Laryngopharyngeal reflux is a condition in which the upper esophagus doesn’t function properly, allowing stomach acid to back up, or reflux, into the throat. Unlike the familiar type of acid reflux or heartburn, laryngopharngeal reflux often has no symptoms. Sufferers usually don’t notice any burning sensation. They may, however, experience a persistent hoarseness or cough with no apparent cause.
Just as with the more traditional types of acid reflux and heartburn, the laryngopharyngeal reflux diet can effectively control this disorder. In this article we’ll review the most common triggers, and the steps you can take to control this type of reflux.
Following a laryngopharyngeal reflux diet is very similar to following a diet for any other type of reflux. Certain foods are very common triggers.
Foods which have been fried, overly heavy foods or spicy foods may be the most common triggers. Others include coffee, other caffeinated beverages and citrus fruits. Peppermint, although it is popular for controlling stomach issues, actually makes reflux worse, and so it should be cut out of your laryngopharngeal reflux diet.
Certain bad habits also trigger reflux. Smoking, using smokeless tobacco or drinking to excess can all trigger reflux. Being overweight can also worsen or cause reflux, since excess weight places undue pressure on the esophagus. Therefore, a laryngopharyngeal reflux diet is also a weight-conscious diet rich in vegetables and fruits and low in fat.
How to Determine Triggers
If you love your food spicy or you don’t think you can give up your morning coffee, don’t despair…you may not have to. While certain foods and substances are known to be common triggers, that doesn’t mean that they trigger everybody. Part of beginning a reflux diet is determining what your individual triggers are.
You can do this very easily by making a list of common trigger foods which you enjoy on a regular basis. Once you have a complete list, you’ll begin the elimination process.
Elimination should generally be done one week at a time. Each week, eliminate a certain food from your diet. If you like spicy food, for example, try eliminating a particular spice. If you notice a reduction in symptoms (if you showed symptoms in the first place), then you have identified a trigger.
Keep at it, one week at a time, until you have worked through your list. You may end up with a large number of foods which you need to avoid, but you may end up with only a few. If it turns out that a favorite food is a trigger, you can make the transition easier by finding a similar replacement. For some people, it’s as easy as switching from regular coffee to decaf!
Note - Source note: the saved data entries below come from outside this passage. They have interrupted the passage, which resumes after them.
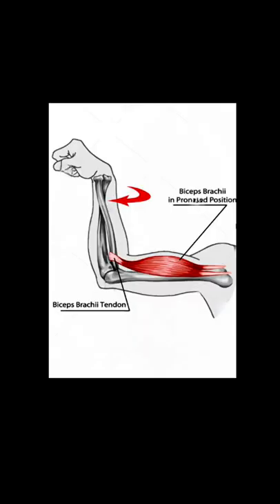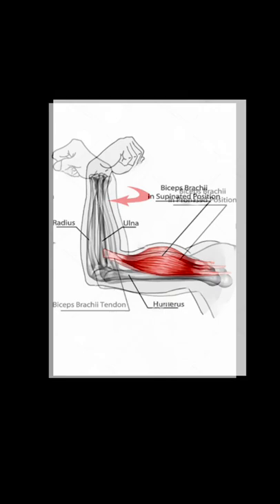You can prove it to yourself. Put your hand in a gooseneck position, pull your arm back, put your other finger on your bicep. You'll feel it's not even tense — it's soft. Now supinate the hand and see what happens.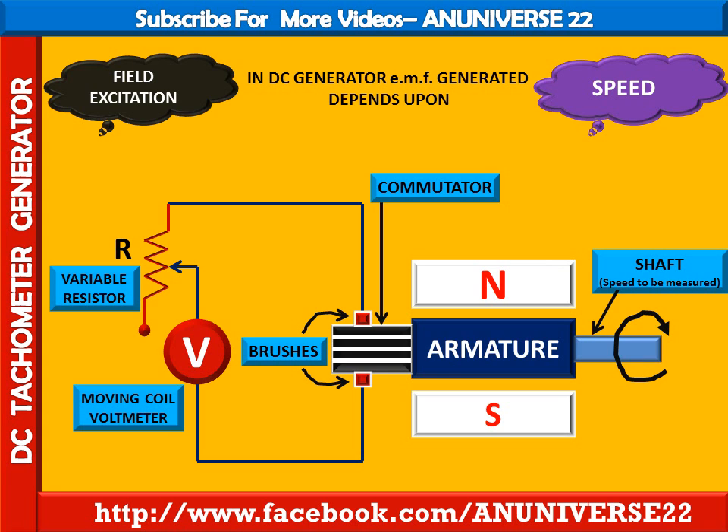This is the whole arrangement of the DC tachometer generator. Since voltage is proportional to speed, the voltmeter may be calibrated directly in terms of speed, such as RPM.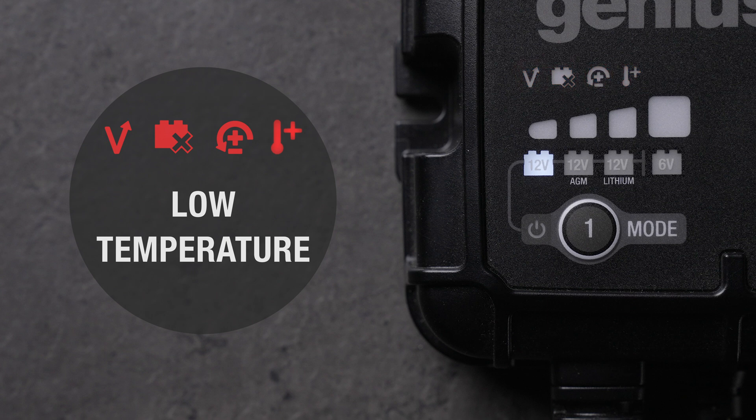If four error lights are flashing, the temperature of the charger is too low. Allow it to warm up. Charging will resume once the temperature is within operating limits.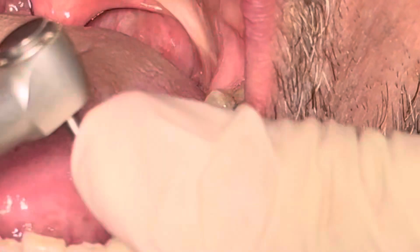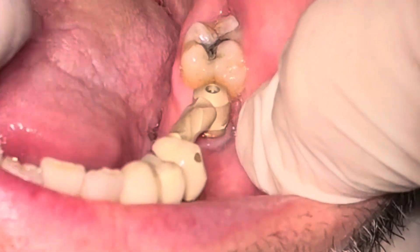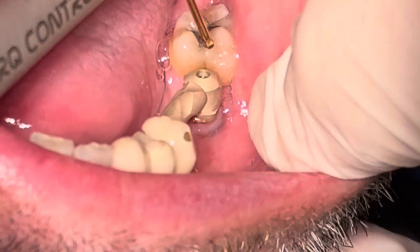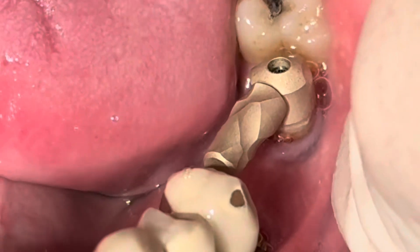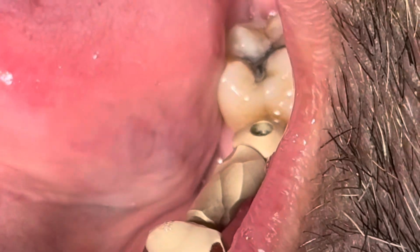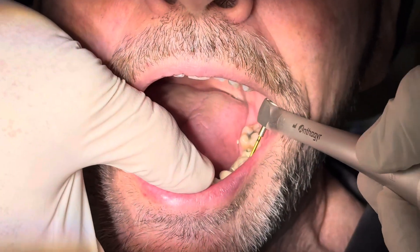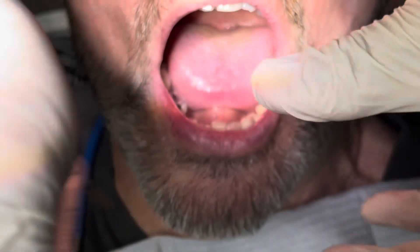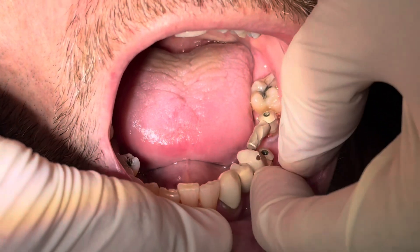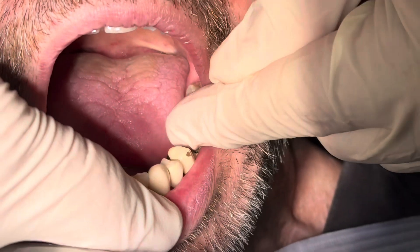Using the torque control wrench, you're going to hold the polo down, get it into position, line it up, and do the final tightening. I tightened them to 10 Newton-centimeters in this case, which is slightly below the 15 that's normal for screws. They have to be secure enough to not move around during scanning, as any movement would throw off the data.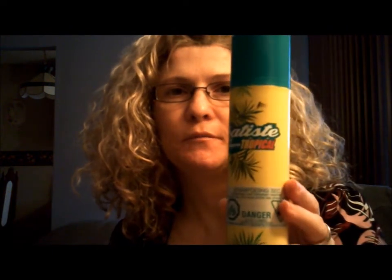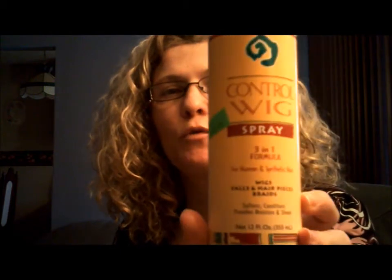In between washes, what I use is called Batiste Tropical Dry Shampoo. It's really meant for human hair, but I like to use it on my wigs. Since I'm a smoker, I can get rid of any odor in between until I can wash her. And also for shine, I use my Wake Control 3-in-1 spray, which is really helpful as well. I haven't used it yet so she's a little on the dull side, but I will use it.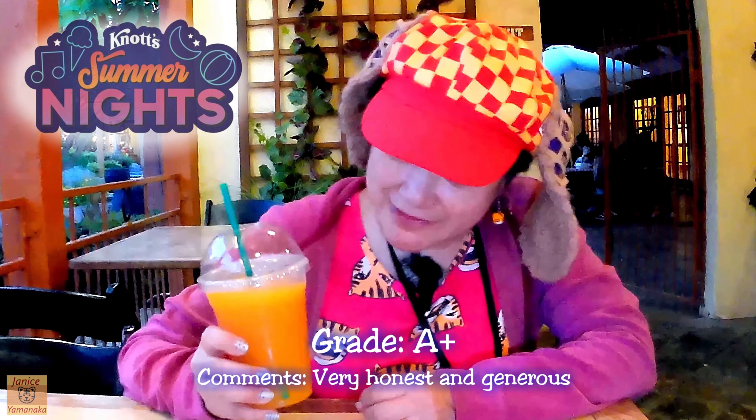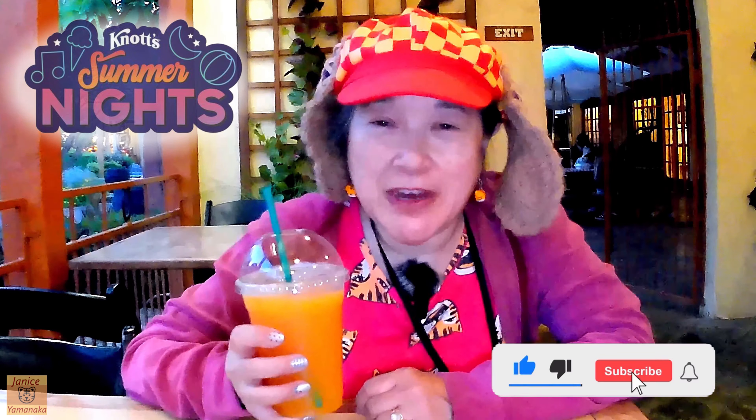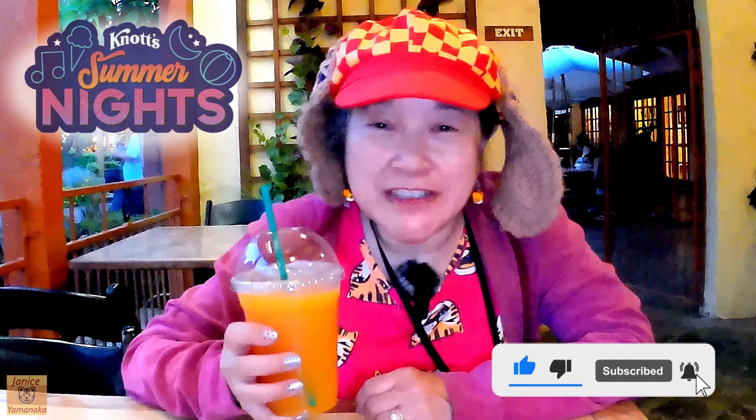I'm going to rate this an A+, actually, because it's really good and refreshing. It actually does taste like mango, and it's pretty low price for this size. Please remember to like, comment, subscribe, and click on the notification bell so you get notified every time I upload a new video. I'm going to take another sip and I'll see you in the next one. Thank you.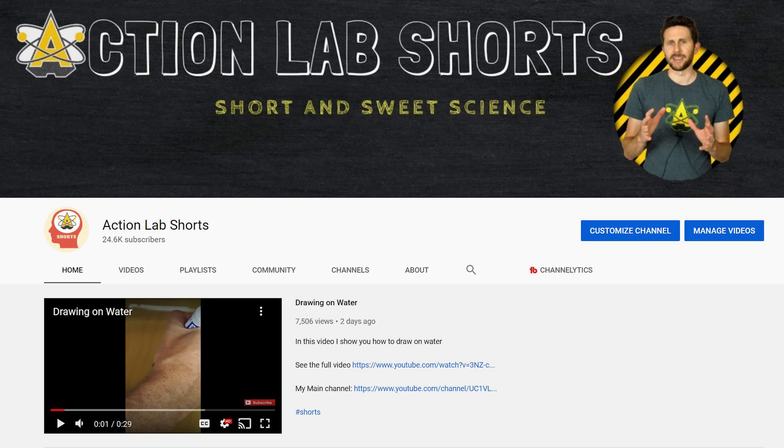Before we do the experiment, I want to take a moment to introduce my shorts channel. This is a channel where I'm going to be doing daily videos — short snippets less than one minute of my best science experiments. It's been pretty cool making the shorts videos because I have to summarize the most important points in less than a minute, so it makes me think about the best way to explain things quickly. I'll put a link in the description and you can subscribe for quick daily snippets of science.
If your reflux is completely symptom-free, you have more of a challenge. While you don’t need to go through the week-by-week elimination schedule, you may have to cut out common trigger foods entirely. This can seem intimidating, but it doesn’t need to be. Consider simply cutting back to begin with, and replacing those foods with tasty, reflux-friendly replacements. This will make the transition much easier, and help you to feel less deprived. The laryngopharngeal reflux diet isn’t about deprivation, it’s about feeling better!